• [Work required]
Copy out every line of the records in which "Imágenes" can be found.

• [Raw data]
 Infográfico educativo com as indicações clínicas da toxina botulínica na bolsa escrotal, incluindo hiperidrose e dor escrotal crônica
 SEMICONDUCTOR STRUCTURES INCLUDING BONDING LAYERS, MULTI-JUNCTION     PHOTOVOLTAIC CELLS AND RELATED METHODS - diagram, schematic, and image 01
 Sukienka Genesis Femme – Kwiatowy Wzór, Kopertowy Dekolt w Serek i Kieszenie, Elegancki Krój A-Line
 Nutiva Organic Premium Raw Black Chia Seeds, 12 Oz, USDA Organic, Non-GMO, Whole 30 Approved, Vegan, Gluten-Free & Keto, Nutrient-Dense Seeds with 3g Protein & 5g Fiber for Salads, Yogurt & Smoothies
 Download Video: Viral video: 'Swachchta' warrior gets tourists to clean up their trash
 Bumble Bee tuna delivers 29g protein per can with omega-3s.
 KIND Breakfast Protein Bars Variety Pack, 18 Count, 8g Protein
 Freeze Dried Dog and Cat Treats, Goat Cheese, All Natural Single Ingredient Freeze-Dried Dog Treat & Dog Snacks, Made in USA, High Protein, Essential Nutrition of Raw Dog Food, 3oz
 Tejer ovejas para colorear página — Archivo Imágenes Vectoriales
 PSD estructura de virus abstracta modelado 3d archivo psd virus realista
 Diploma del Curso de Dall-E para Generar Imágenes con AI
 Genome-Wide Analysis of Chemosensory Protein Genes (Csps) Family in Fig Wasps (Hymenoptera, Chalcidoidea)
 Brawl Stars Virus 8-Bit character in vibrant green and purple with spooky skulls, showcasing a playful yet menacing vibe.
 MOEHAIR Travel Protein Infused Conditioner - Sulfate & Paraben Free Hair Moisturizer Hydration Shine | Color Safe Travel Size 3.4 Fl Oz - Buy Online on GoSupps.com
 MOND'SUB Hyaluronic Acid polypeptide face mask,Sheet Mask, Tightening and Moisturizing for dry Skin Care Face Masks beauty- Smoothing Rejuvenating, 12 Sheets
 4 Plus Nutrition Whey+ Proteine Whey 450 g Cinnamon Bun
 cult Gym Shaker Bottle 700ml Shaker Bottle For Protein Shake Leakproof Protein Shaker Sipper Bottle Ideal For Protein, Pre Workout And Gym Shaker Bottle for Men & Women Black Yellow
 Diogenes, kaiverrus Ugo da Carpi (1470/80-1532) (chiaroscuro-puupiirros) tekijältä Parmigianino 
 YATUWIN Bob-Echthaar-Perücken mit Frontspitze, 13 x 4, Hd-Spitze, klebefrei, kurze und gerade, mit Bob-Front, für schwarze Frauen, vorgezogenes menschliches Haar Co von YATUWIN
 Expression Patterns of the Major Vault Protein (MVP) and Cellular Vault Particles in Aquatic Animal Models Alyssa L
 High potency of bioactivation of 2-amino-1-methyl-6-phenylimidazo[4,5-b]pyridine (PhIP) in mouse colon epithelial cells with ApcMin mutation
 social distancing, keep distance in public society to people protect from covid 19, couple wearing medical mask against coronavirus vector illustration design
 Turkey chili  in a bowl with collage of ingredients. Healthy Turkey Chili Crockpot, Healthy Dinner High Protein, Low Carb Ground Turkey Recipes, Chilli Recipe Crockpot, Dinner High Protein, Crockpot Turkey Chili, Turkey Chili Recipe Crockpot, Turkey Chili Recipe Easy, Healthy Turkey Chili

• [Result]
 Tejer ovejas para colorear página — Archivo Imágenes Vectoriales
 Diploma del Curso de Dall-E para Generar Imágenes con AI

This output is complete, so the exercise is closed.